* _Exercise goal_: With the pictures removed, please write out every line below exactly as given.
Exercise input Start Marker
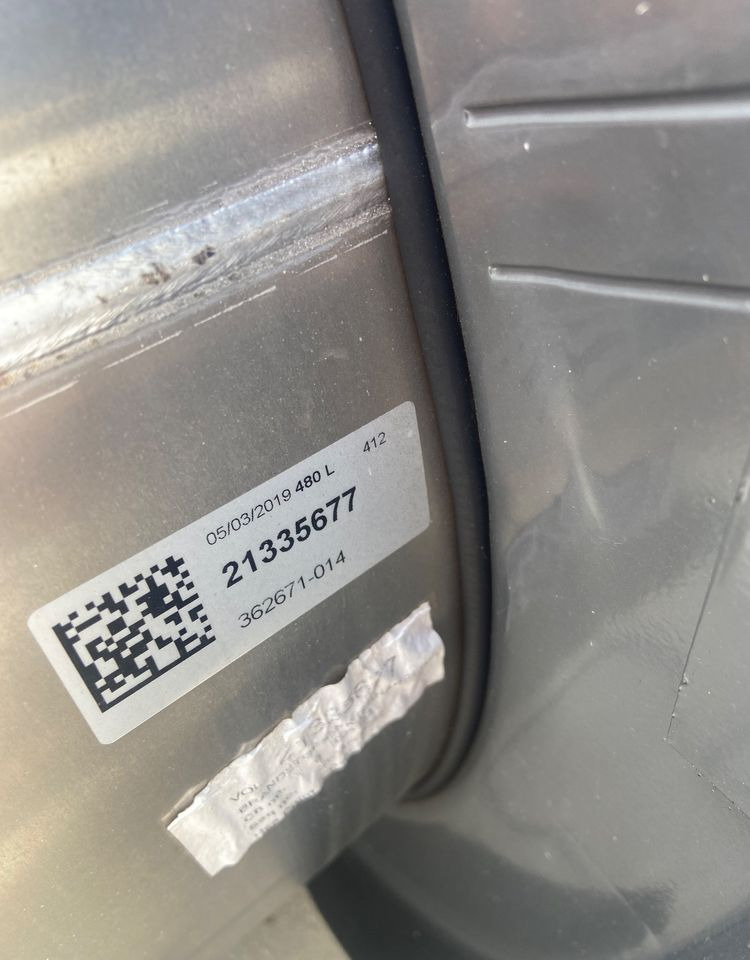 Zbiornik paliwa Volvo FH Renault 480 litrów bak jak nowy - Топливный бак для Грузовиков: фото 4 Zbiornik paliwa Volvo FH Renault 480 litrów bak jak nowy - Топливный бак для Грузовиков: фото 4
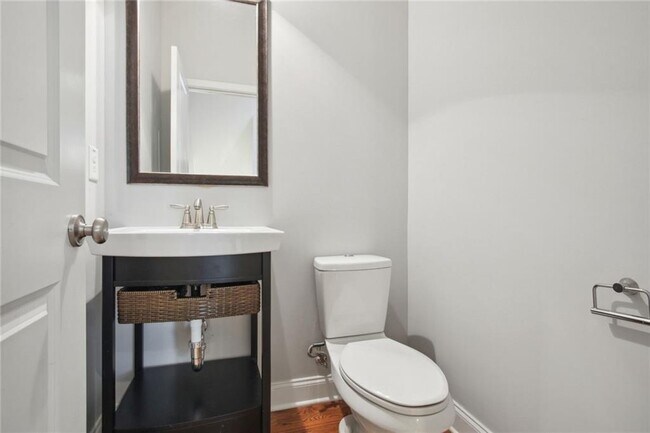 Building Photo - 2667 Almshouse Ln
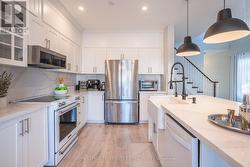 25 - 31 SUNVALE PLACE  Hamilton, ON L8E 4Z6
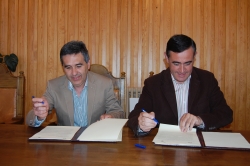 FIRMA CONVENIO ENTRE LA DIPUTACIÓN Y EL AYUNTAMIENTO DE COVALEDA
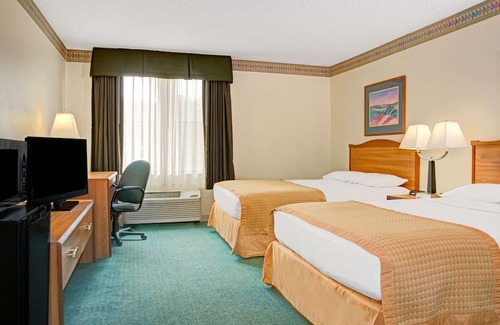 Conroe Hotel | Baymont by Wyndham Conroe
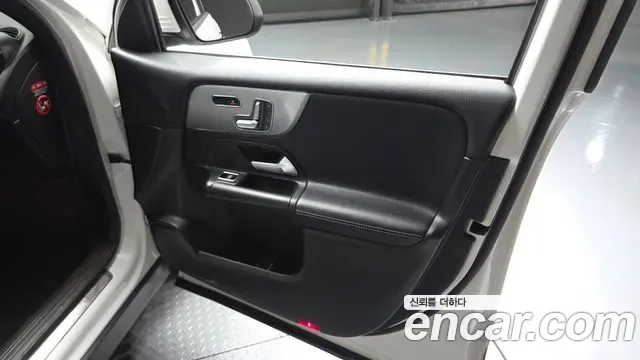 Mercedes-Benz GLB GLB200 d, миниатюра 15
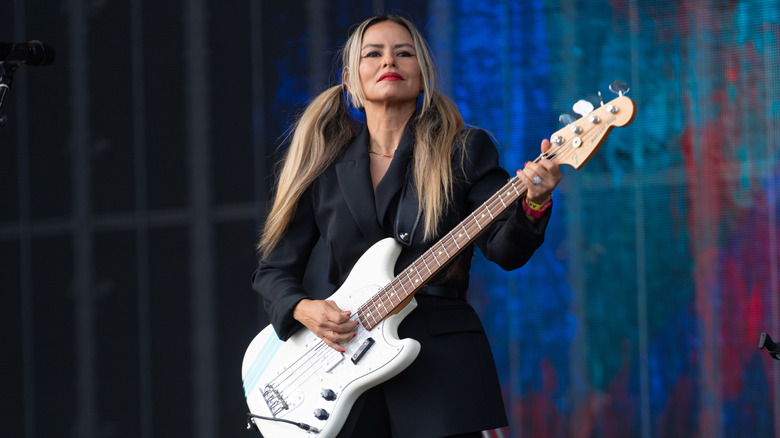Ginger Pooley tocando el bajo en Garbage en 2024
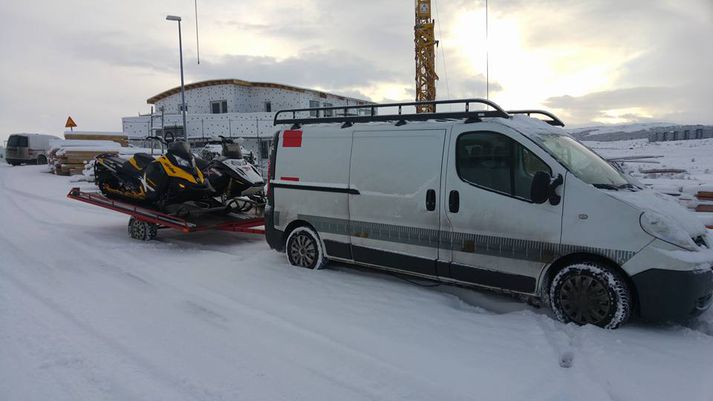 Þessum snjósleðum ásamt snjósleðakerru var stolið fyrir utan Lofnarbrunn 16 í Úlfarsardal aðafaranótt föstudags.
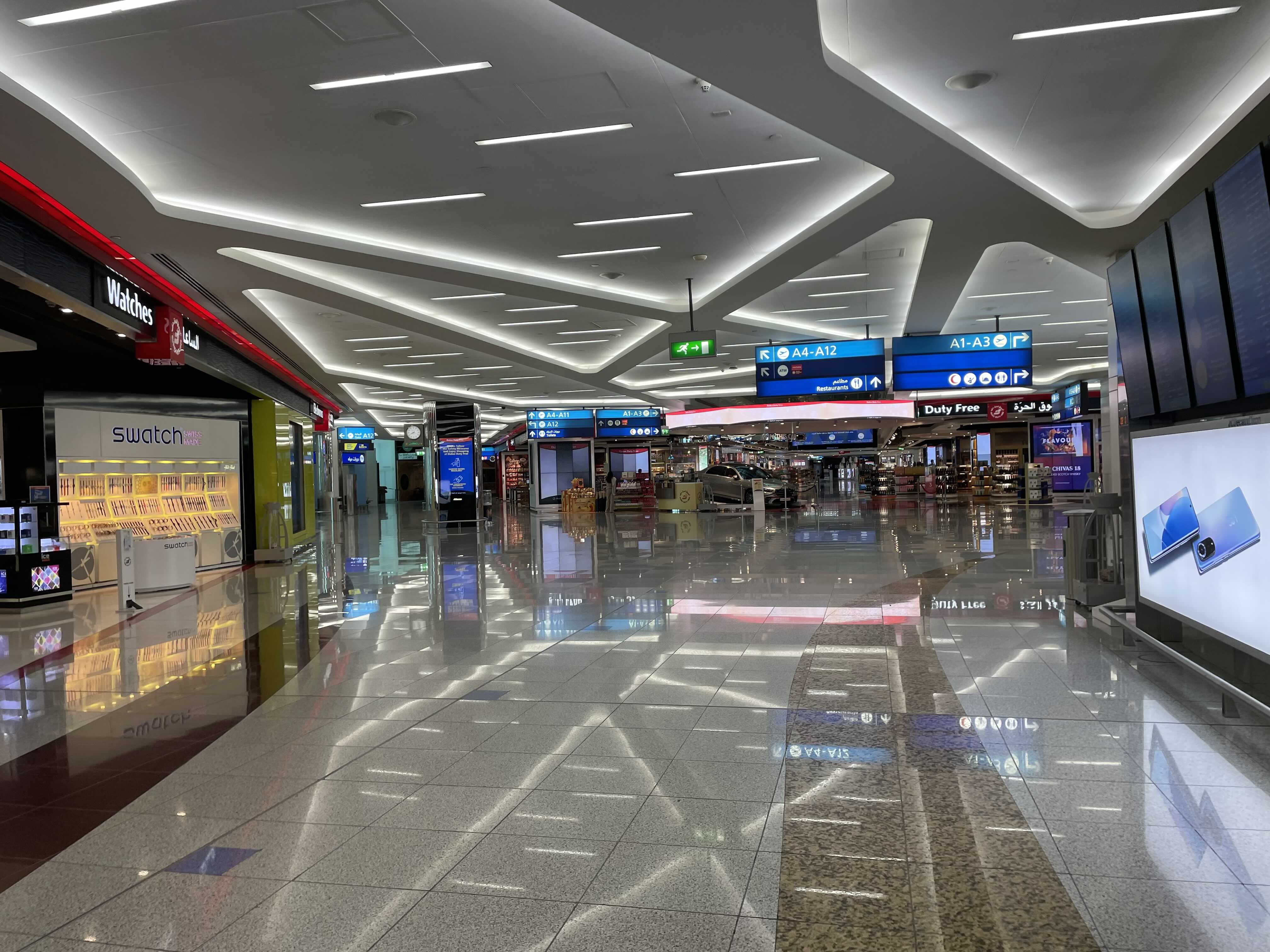 두바이공항 면세점 사진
Exercise input End Marker
* _Expected answer_:
 Zbiornik paliwa Volvo FH Renault 480 litrów bak jak nowy - Топливный бак для Грузовиков: фото 4 Zbiornik paliwa Volvo FH Renault 480 litrów bak jak nowy - Топливный бак для Грузовиков: фото 4
 Building Photo - 2667 Almshouse Ln
 25 - 31 SUNVALE PLACE  Hamilton, ON L8E 4Z6
 FIRMA CONVENIO ENTRE LA DIPUTACIÓN Y EL AYUNTAMIENTO DE COVALEDA
 Conroe Hotel | Baymont by Wyndham Conroe
 Mercedes-Benz GLB GLB200 d, миниатюра 15
Ginger Pooley tocando el bajo en Garbage en 2024
 Þessum snjósleðum ásamt snjósleðakerru var stolið fyrir utan Lofnarbrunn 16 í Úlfarsardal aðafaranótt föstudags.
 두바이공항 면세점 사진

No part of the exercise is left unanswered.